▶ _What you should do_: Exactly transcribe the span of lines from the one containing "Hug Valley Cafe Nong Chumphon" through the final line of the entries, inclusive, and nothing outside it. Exclude the pictures.

━━ Input records ━━

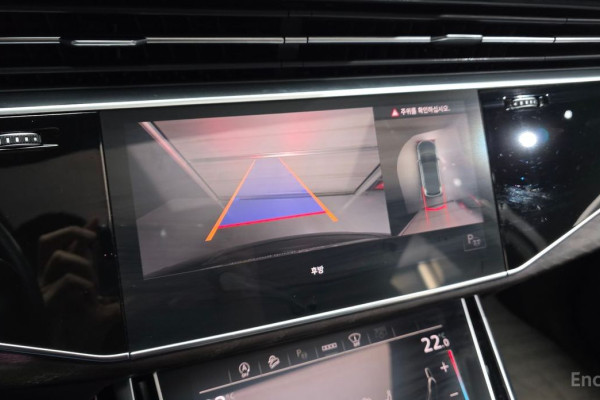 2021 Audi Q7 с пробегом 103 635 км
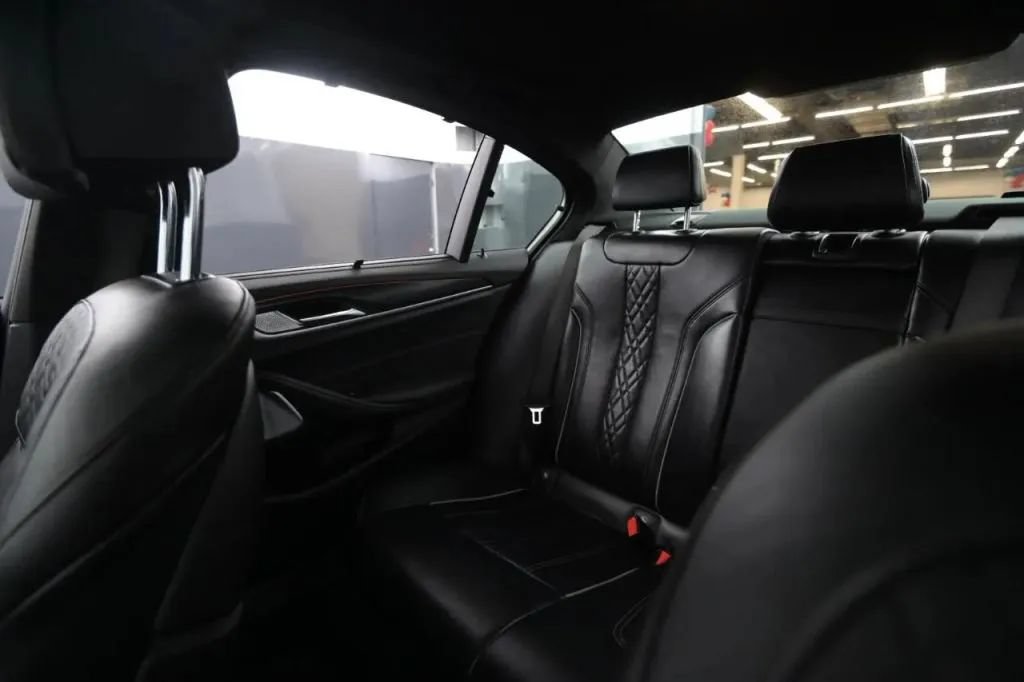 Used 2021 BMW M550i xDrive w/ Executive Package AWD/4WD image 44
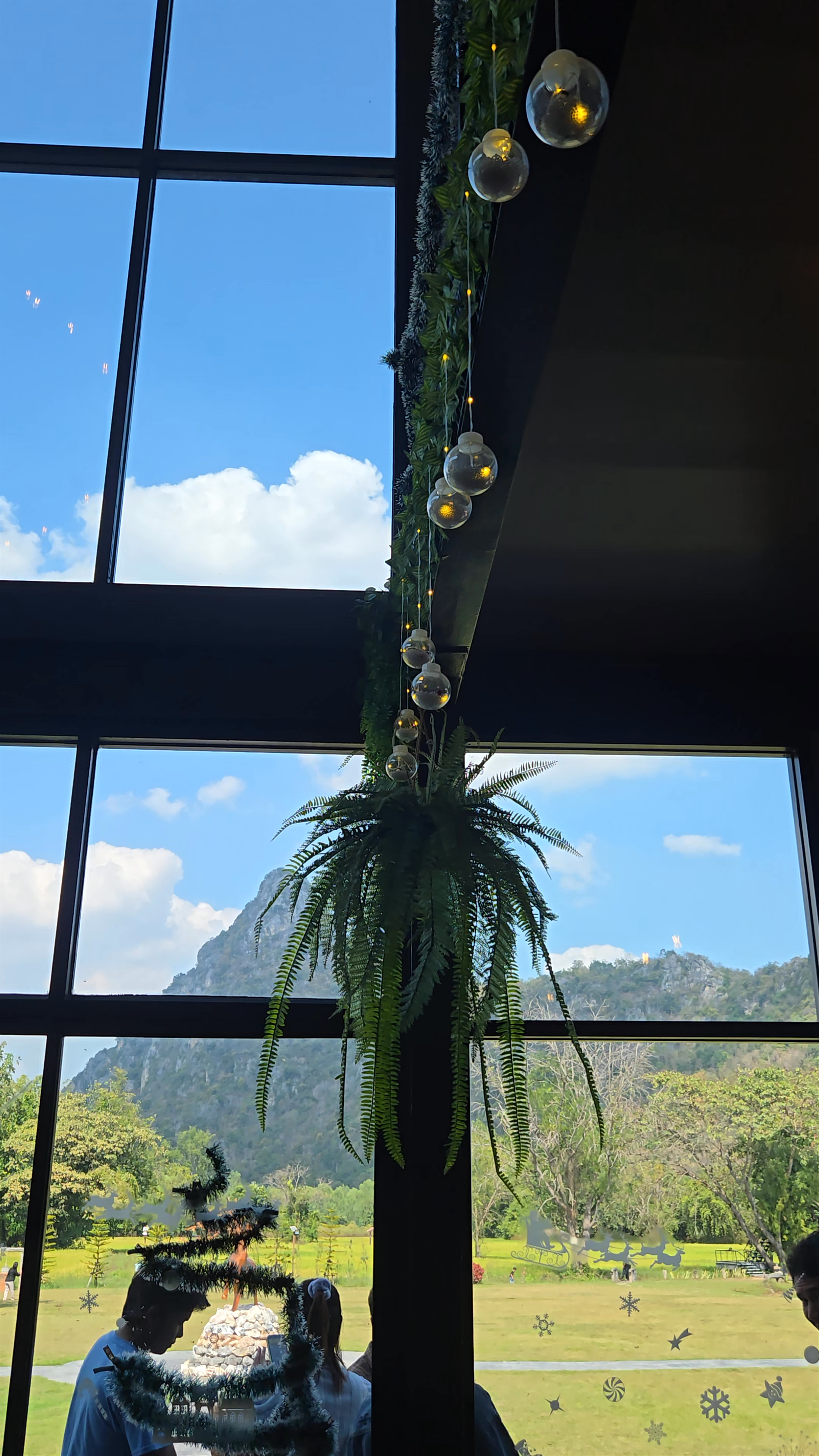 Hug Valley Cafe Nong Chumphon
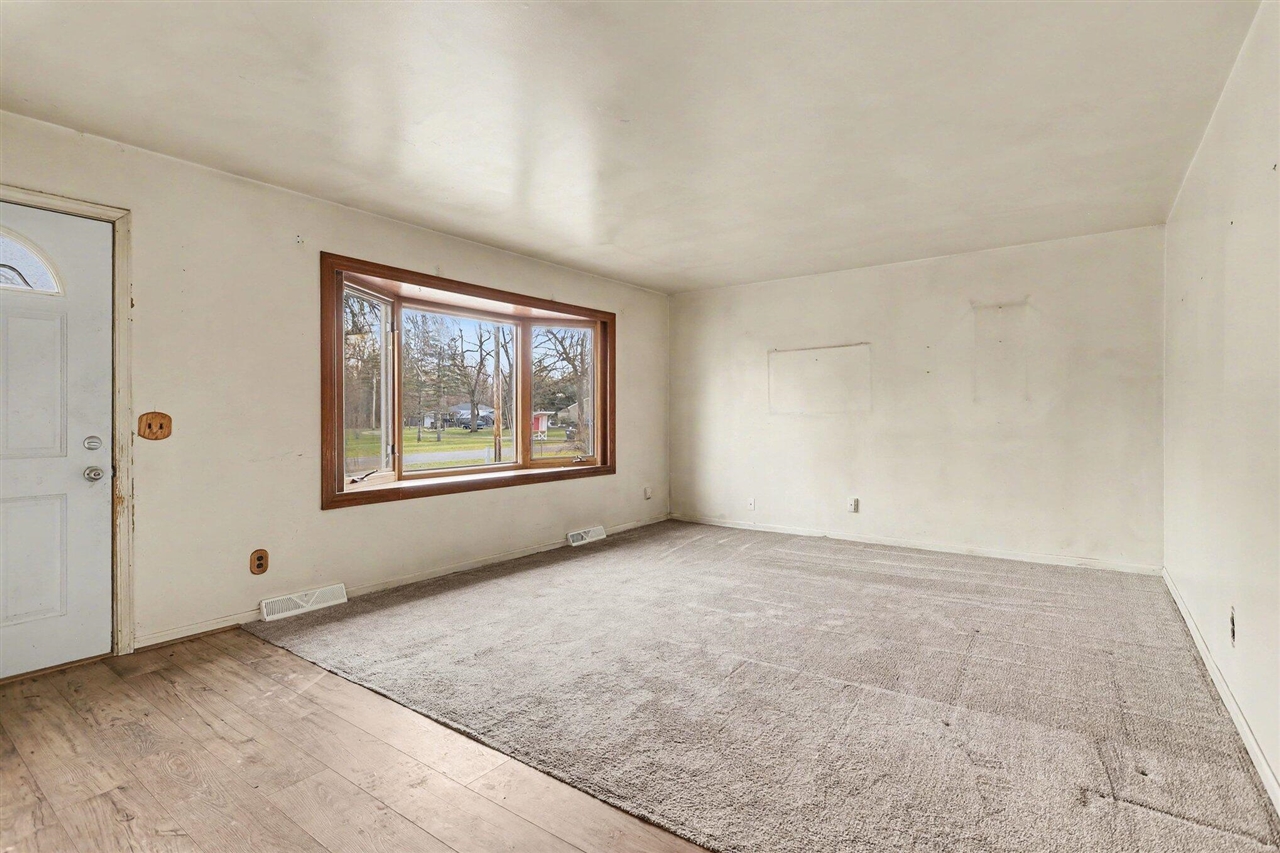 Plainwell, MI, 49080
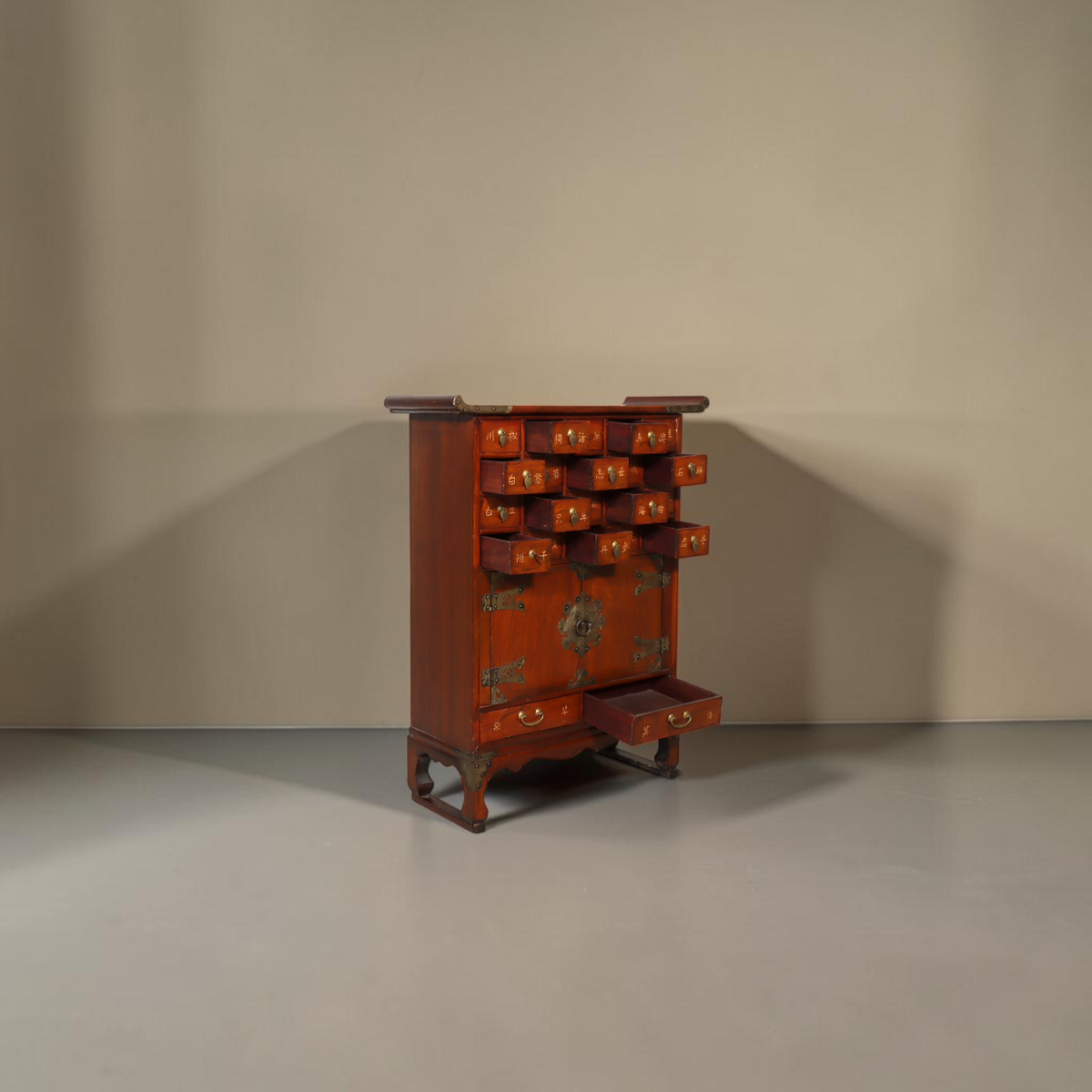 Vintage Space asiatische Apothekerkommode aus dunklem Holz mit vielen kleinen Schubladen und antiken Metallbeschlägen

━━━

▶ _Answer for the task_:
 Hug Valley Cafe Nong Chumphon
 Plainwell, MI, 49080
 Vintage Space asiatische Apothekerkommode aus dunklem Holz mit vielen kleinen Schubladen und antiken Metallbeschlägen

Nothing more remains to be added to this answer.